Yani yeni Cumhurbaşkanlığı/ anayasa değişikliği tansiyonu sürerken “ne alaka?” demeyin!

Yeri gelince unutmalıyız…

Kavgaları… Acıları… Ayrışmaları…

Ama ders alınacak ne varsa hatırlamak kârımıza olacaktır…

Tersini yaparsak, doğrunun ne olduğunu bilsek de hayata geçiremeyiz.

Ve zaten doğruyu biliyor olmak hiçbir işe yaramaz; doğruyu yaşamıyorsak!
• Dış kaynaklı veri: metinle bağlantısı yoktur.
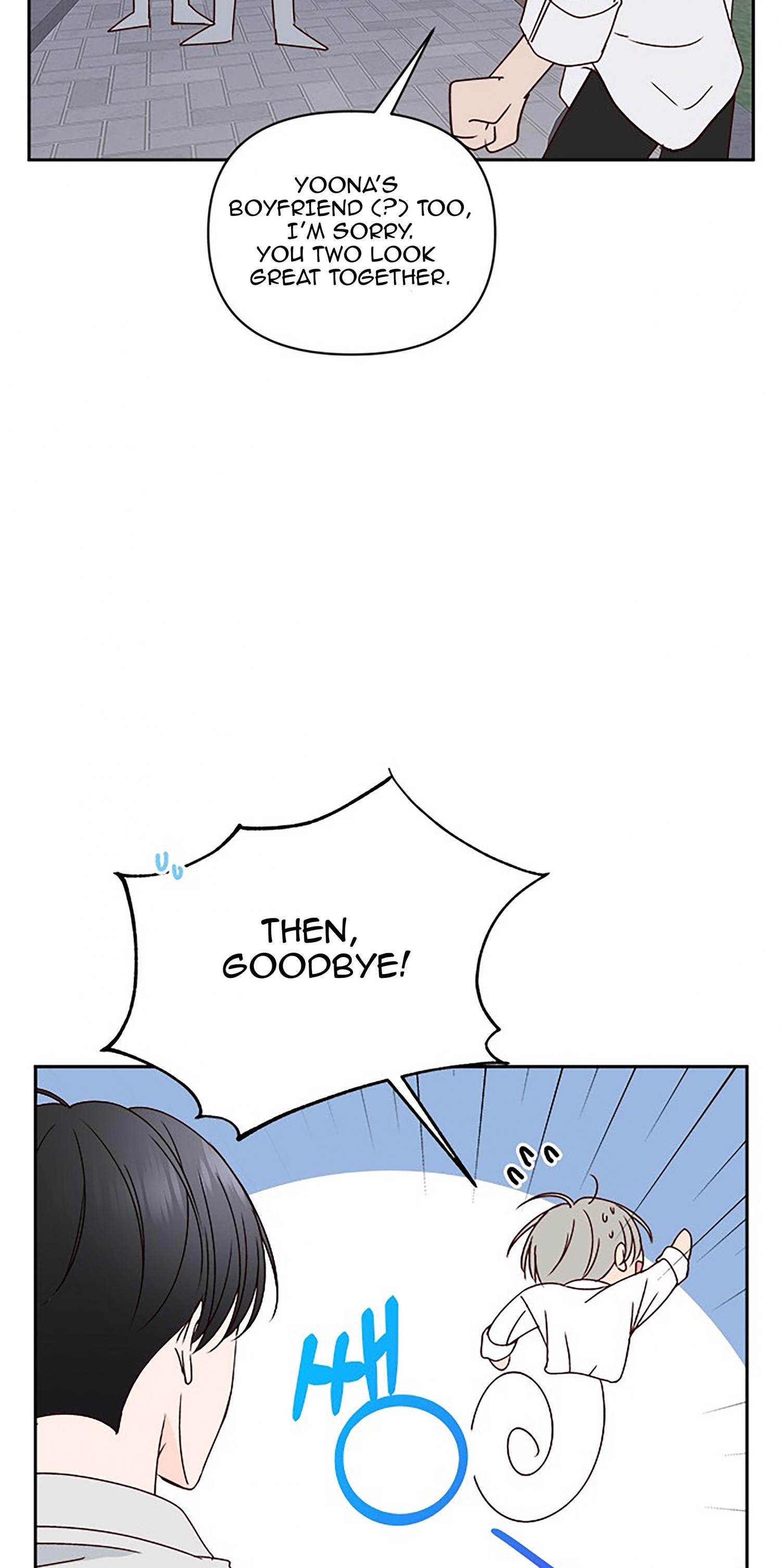 Read Next Door Boyfriend chapter 26 image 74 on Lezhin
Anayasa değişikliği geçer.

Referandum olur.

Bunlar bir tarafa…

Cumhurbaşkanımız Recep Tayyip Erdoğan’dan muhtar buluşmaları gibi periyodik toplantılarda özlediğimiz Türkiye’nin kurucusu ve yaşatıcısı olacak “insan”ların inşası için ortak değerlerimizi ve bu değerlerin harekete geçirilmesini konu olan konuşmalar hayal ediyorum.
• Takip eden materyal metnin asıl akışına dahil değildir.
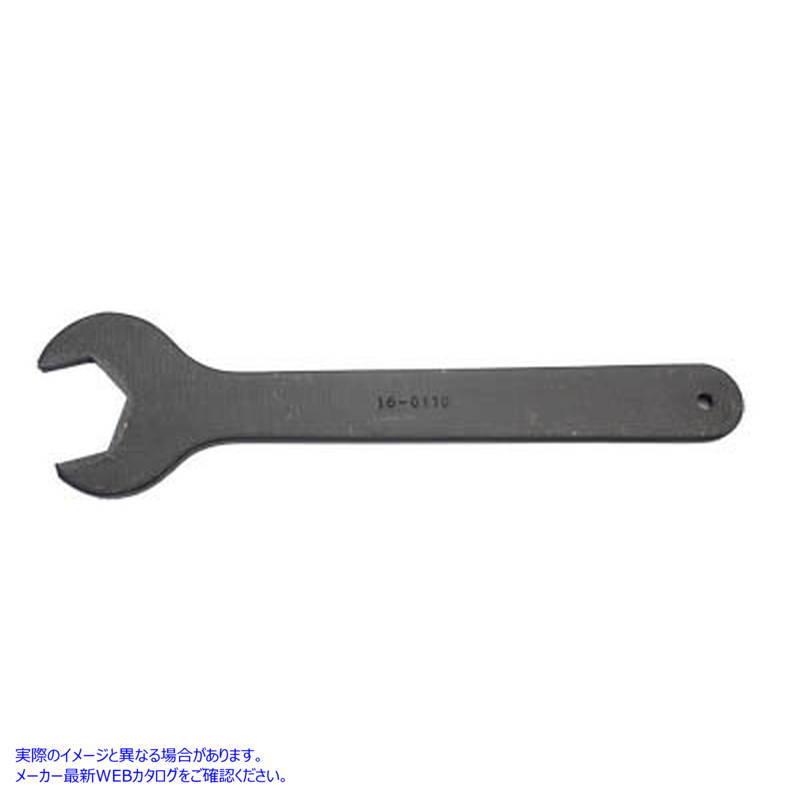 Harley Davidson（ハーレー・ダビッドソン） 【互換品】 16-0110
Ruhsatsız silahların veya kitabına uydurularak ruhsat verilmiş binaların altında ezilmemizin sebebi “ruhsatsız insanlar”dır ki, Alev Alatlı o konuşmasında çareye de işaret ediyor:

“21.yüzyılın en yaman toplum projesi helal olanı yasal olanla örtüştürmek olsa gerektir.”

Bunu “Dünya beşten büyüktür” diyebildiği için ümitlenerek söylüyor Erdoğan’a hitaben…

Bunu üç milyonu aşkın mülteciye kucak açan ülkenin liderine söylüyor, yapılabileceğine inanarak.

Sayın Cumhurbaşkanım!

Bizim silahlarımız mı çok üstün?

Teknolojimiz mi?

Ekonomimiz mi?

Hayır! Bizim üstün tarafımız, yaşadığımız coğrafyanın bize “helal” olmasıdır.

Meclisteki koltuğu helal olmayanların birbirini ısırması, önceliklerimizi gözden geçirmeyi gerekli kılıyor.

Alın elinize baltayı ve “Bu helal değil…” deyip indirin bir çirkin binaya…

Samimiyetiniz muhtarlarla beraber dil, din, ırk ayırt etmeden bütün coğrafyamızın sinir uçlarına yayılsın…

Size söylüyorum; çünkü sizden başka yapacak görünmüyor.